• _Task item_: Find the line containing "Carefully place the". Retype it and every later line of the records exactly, leaving out pictures.
===== Data records
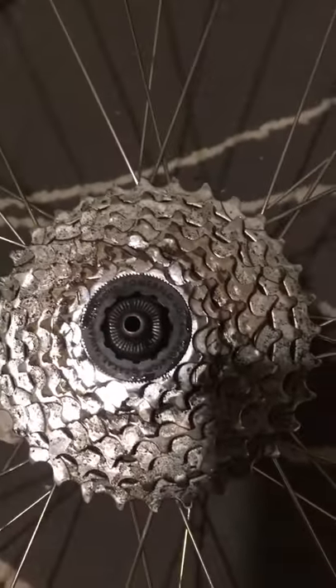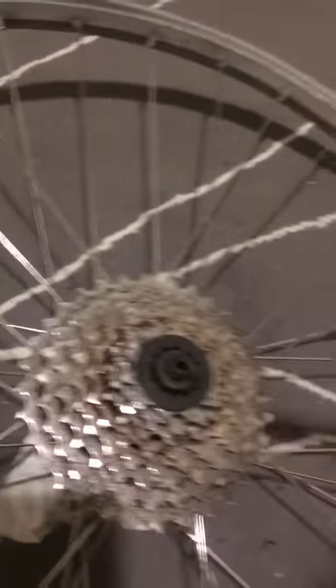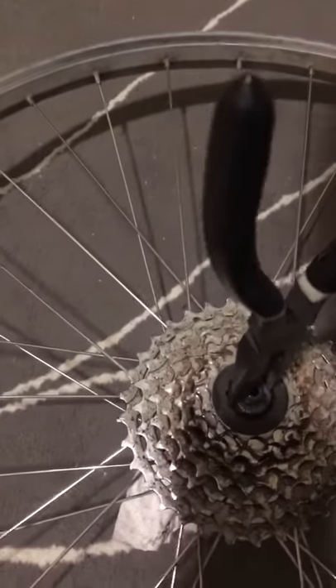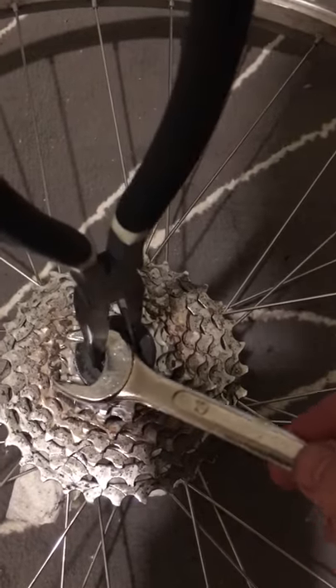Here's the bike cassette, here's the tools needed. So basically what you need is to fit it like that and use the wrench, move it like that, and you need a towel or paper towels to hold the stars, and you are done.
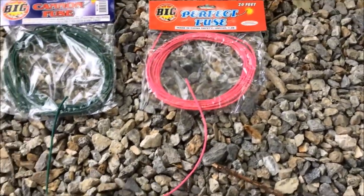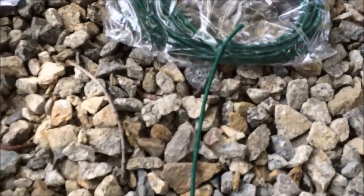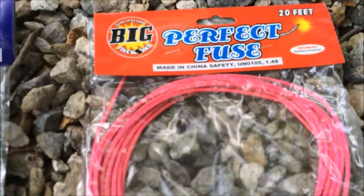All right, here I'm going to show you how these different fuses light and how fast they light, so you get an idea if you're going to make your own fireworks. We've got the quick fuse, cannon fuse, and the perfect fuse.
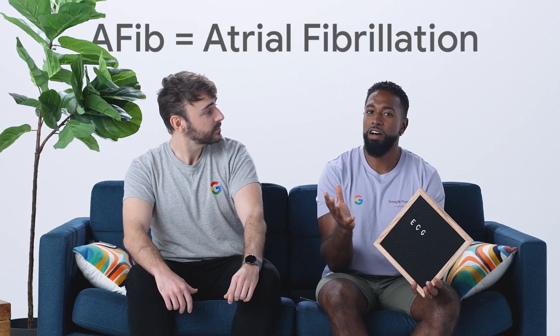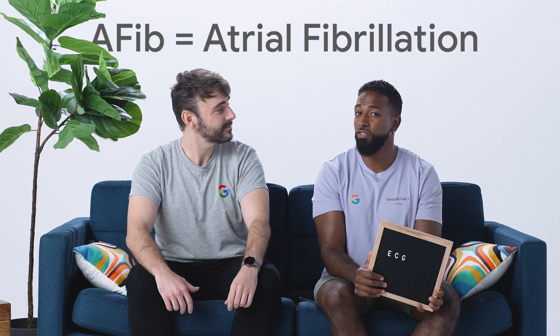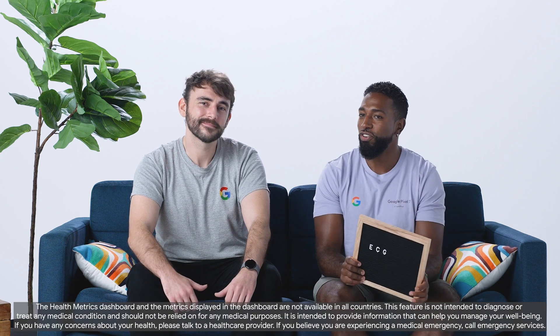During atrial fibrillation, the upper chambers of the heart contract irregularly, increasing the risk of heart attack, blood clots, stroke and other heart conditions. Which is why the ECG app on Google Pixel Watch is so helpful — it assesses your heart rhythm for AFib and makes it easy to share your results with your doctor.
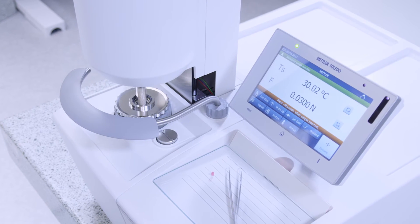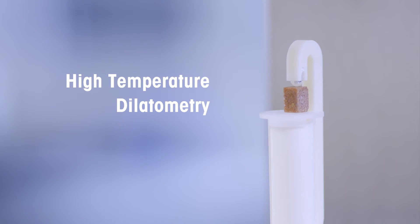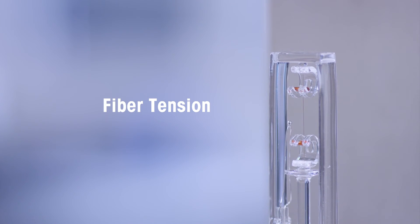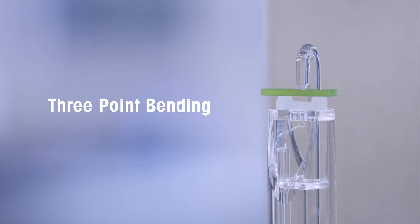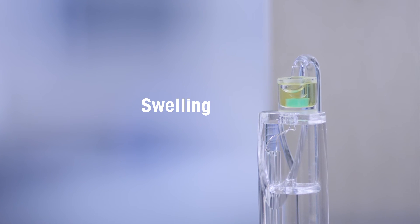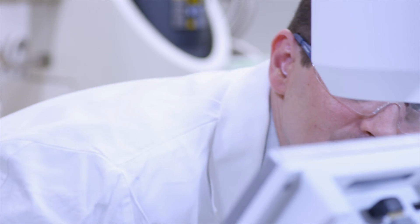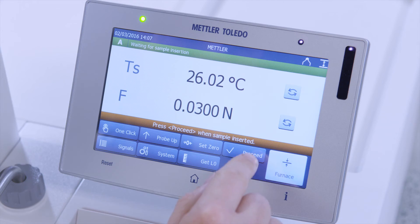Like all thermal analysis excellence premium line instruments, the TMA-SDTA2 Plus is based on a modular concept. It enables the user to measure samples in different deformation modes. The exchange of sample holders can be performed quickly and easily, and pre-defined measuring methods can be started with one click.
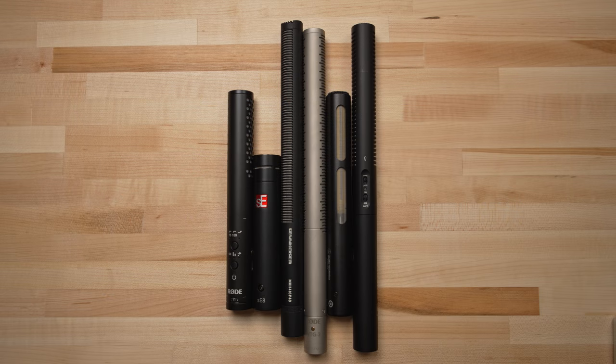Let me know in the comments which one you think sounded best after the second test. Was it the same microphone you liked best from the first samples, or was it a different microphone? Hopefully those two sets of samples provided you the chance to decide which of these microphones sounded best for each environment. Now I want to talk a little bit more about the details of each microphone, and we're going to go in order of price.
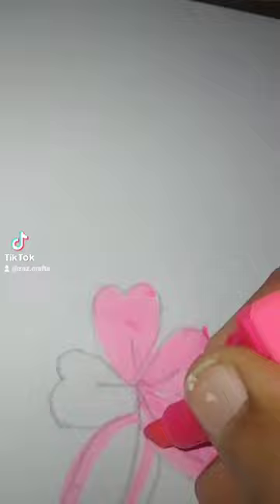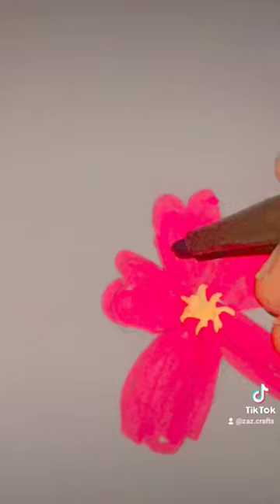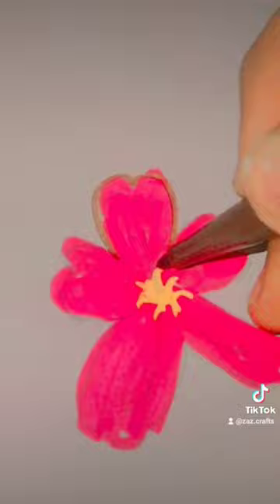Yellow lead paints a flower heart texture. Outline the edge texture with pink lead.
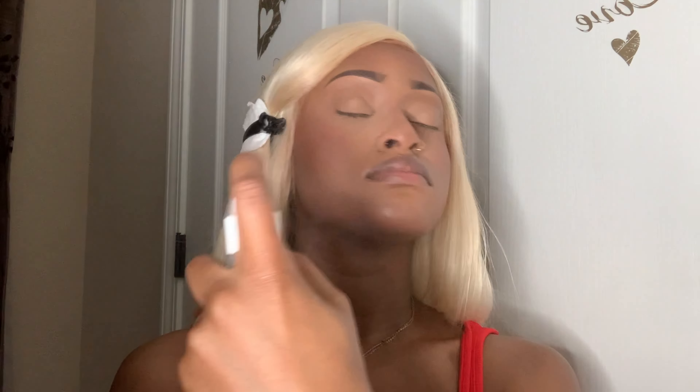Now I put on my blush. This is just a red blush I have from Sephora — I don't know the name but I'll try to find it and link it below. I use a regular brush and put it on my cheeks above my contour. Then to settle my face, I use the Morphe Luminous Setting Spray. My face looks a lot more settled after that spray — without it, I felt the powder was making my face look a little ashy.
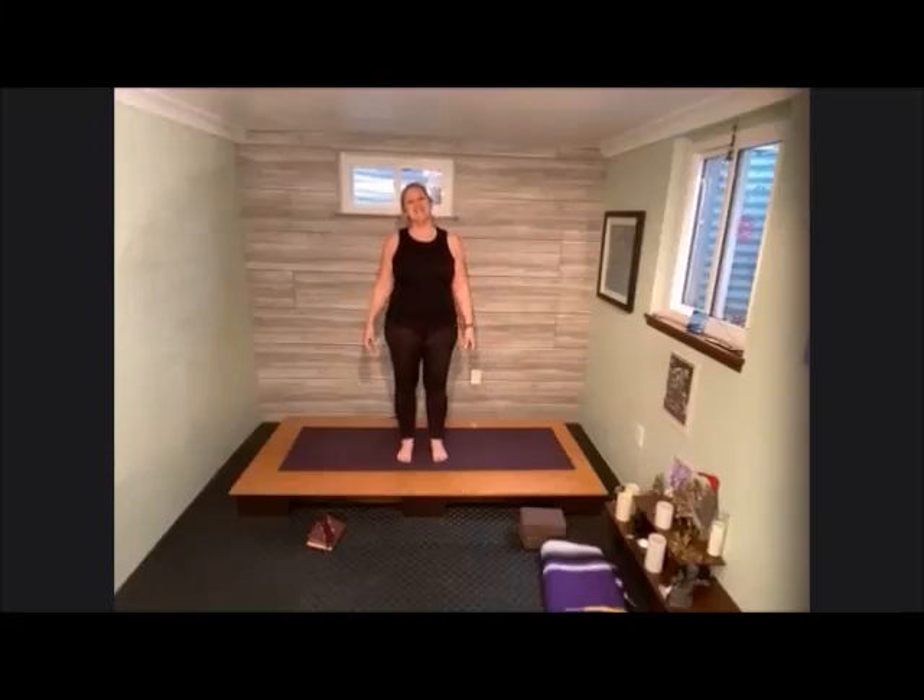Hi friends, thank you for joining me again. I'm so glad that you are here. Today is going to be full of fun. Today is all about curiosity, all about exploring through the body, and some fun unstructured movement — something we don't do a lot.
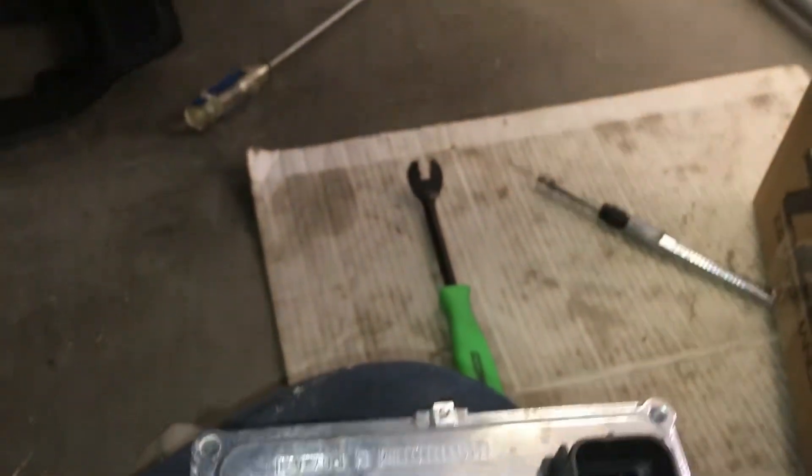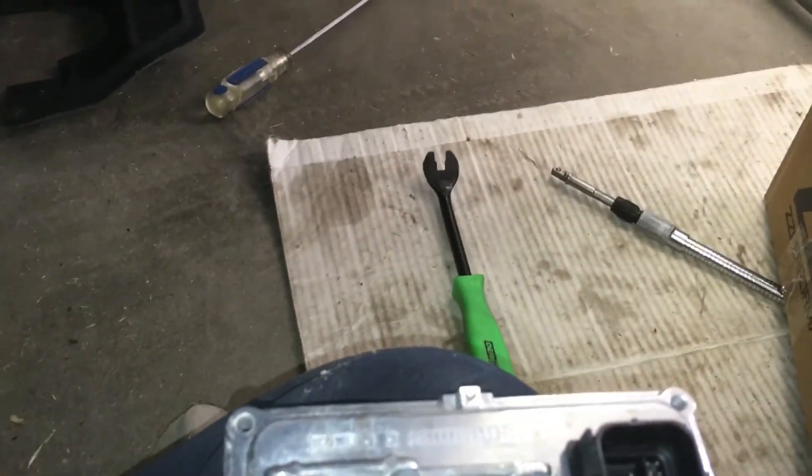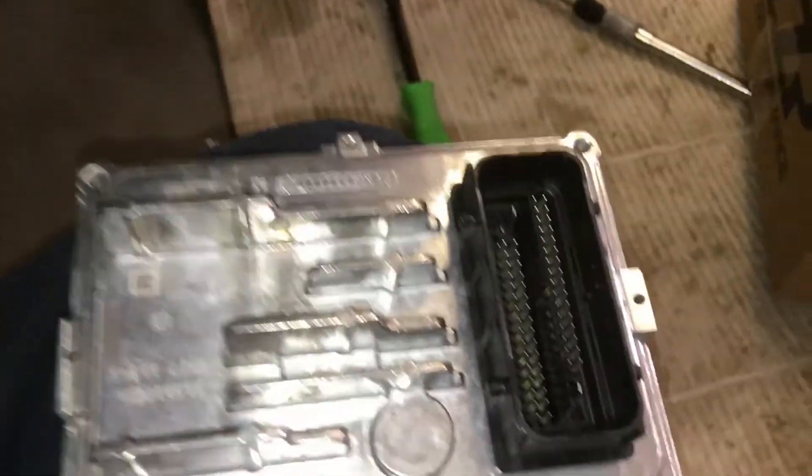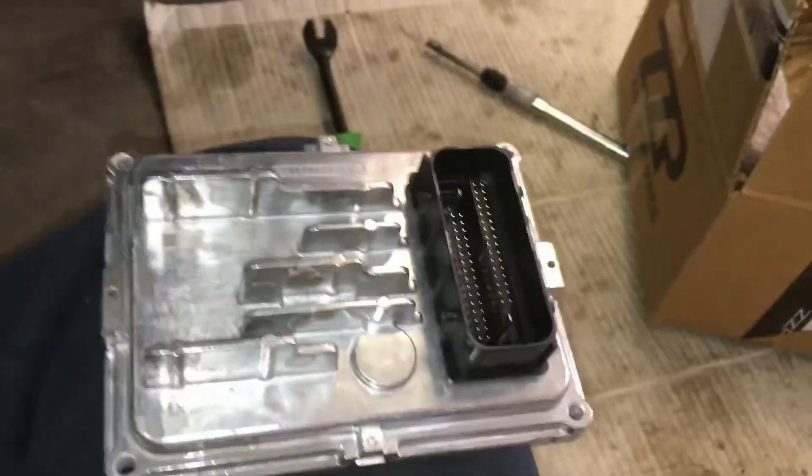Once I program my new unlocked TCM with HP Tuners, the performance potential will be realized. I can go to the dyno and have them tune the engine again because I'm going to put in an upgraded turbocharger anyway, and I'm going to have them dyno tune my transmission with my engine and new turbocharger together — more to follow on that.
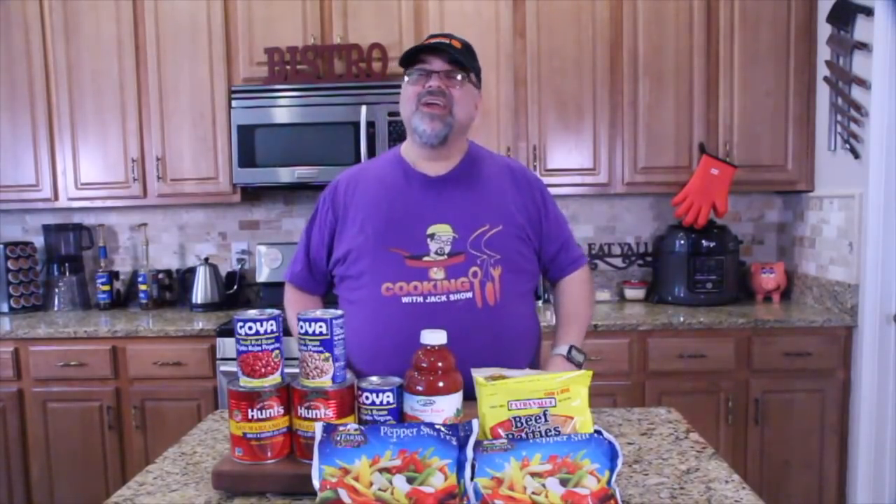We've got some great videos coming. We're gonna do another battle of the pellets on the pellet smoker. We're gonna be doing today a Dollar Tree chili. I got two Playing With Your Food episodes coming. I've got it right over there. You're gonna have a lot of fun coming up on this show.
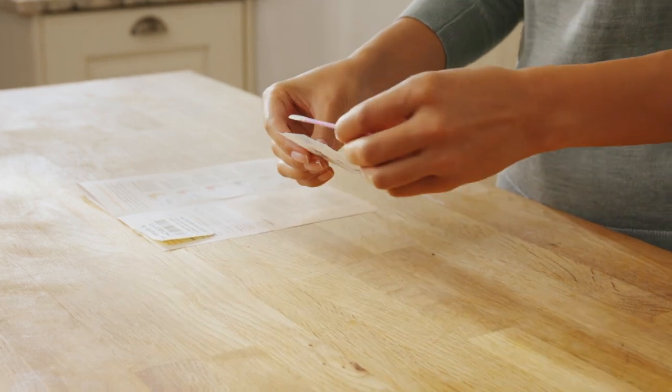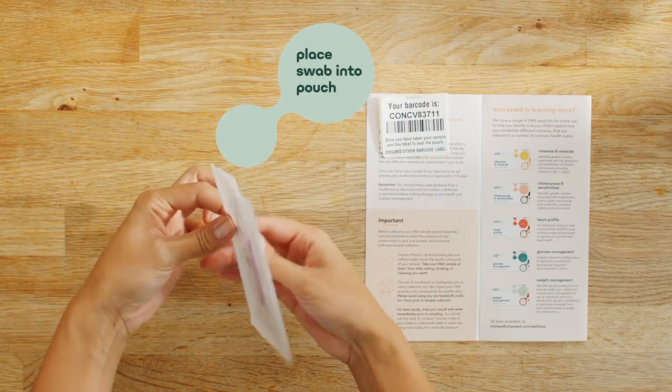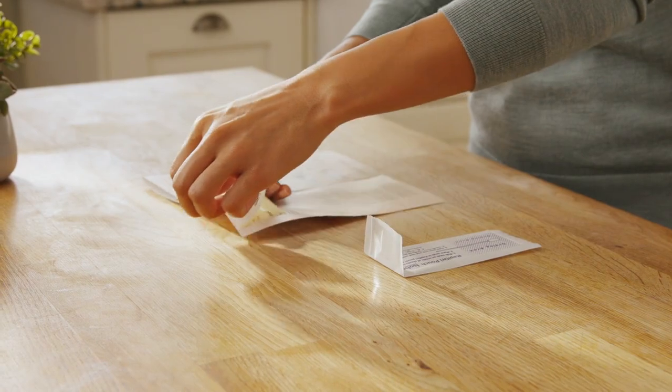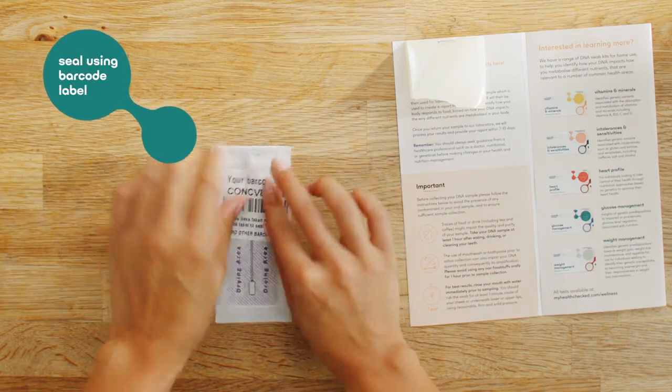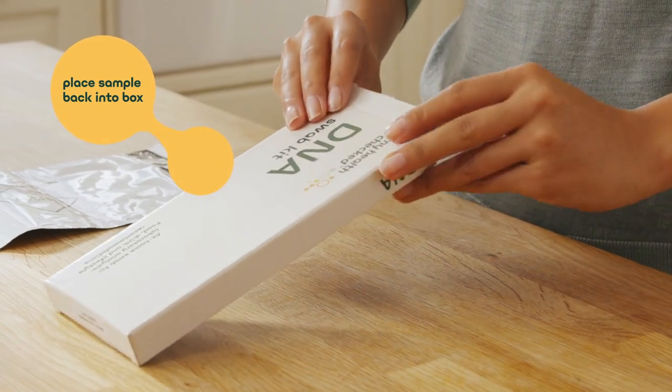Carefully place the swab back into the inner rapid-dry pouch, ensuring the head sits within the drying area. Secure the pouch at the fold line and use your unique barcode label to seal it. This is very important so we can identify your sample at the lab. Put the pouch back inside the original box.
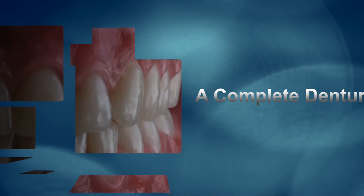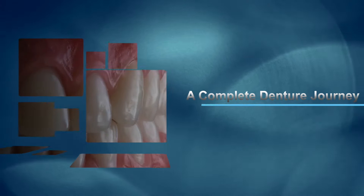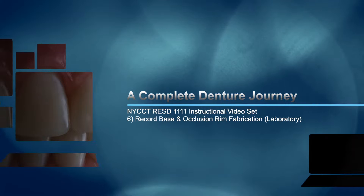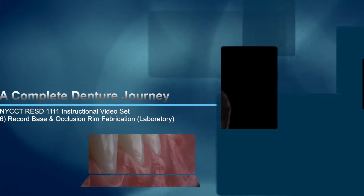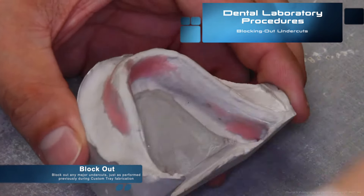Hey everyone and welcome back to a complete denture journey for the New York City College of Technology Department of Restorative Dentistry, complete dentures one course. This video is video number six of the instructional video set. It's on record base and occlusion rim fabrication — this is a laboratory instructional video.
==========
• _Exercise answer_:
Carefully place the swab back into the inner rapid-dry pouch, ensuring the head sits within the drying area. Secure the pouch at the fold line and use your unique barcode label to seal it. This is very important so we can identify your sample at the lab. Put the pouch back inside the original box.
Hey everyone and welcome back to a complete denture journey for the New York City College of Technology Department of Restorative Dentistry, complete dentures one course. This video is video number six of the instructional video set. It's on record base and occlusion rim fabrication — this is a laboratory instructional video.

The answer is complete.